▶ [Input]:
________________

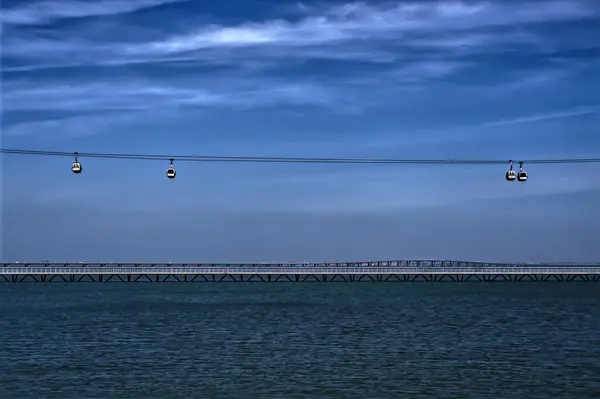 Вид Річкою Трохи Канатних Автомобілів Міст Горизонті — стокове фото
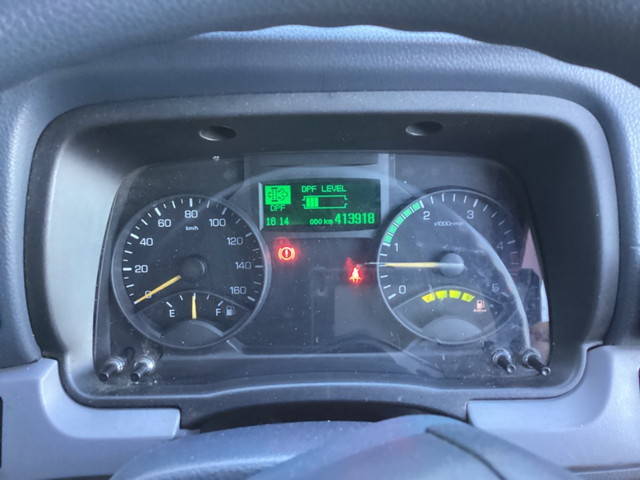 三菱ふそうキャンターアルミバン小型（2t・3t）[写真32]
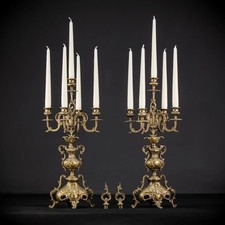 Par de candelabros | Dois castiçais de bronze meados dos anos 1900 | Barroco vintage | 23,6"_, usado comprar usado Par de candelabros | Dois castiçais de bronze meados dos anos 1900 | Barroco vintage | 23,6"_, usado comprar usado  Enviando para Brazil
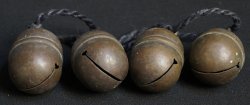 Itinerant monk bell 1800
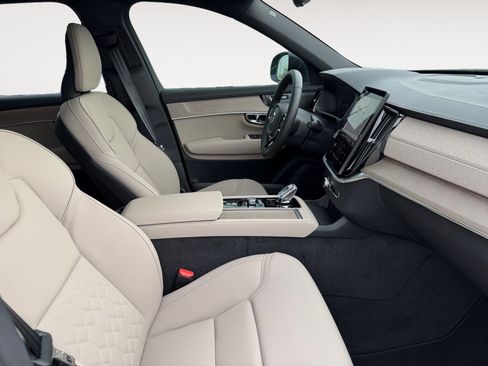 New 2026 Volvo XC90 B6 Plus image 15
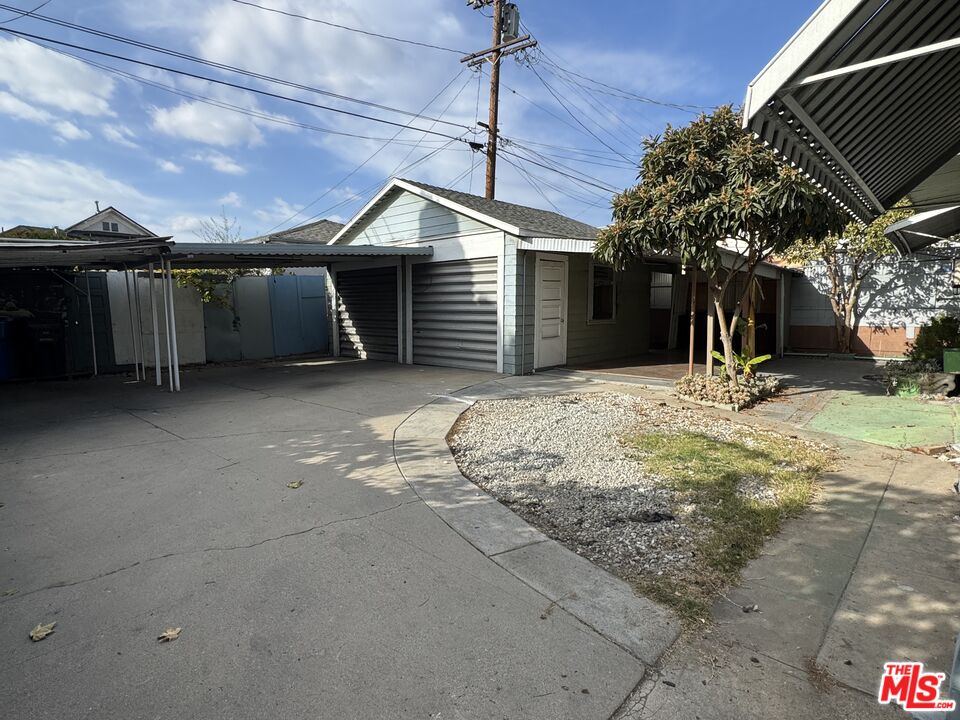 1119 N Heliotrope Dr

________________

▶ [What is required]: Give back exactly the lines from the line with "Itinerant monk bell 1800" through the final line of the entries above, and keep pictures out of the copy.

▶ [Your response]:
 Itinerant monk bell 1800
 New 2026 Volvo XC90 B6 Plus image 15
 1119 N Heliotrope Dr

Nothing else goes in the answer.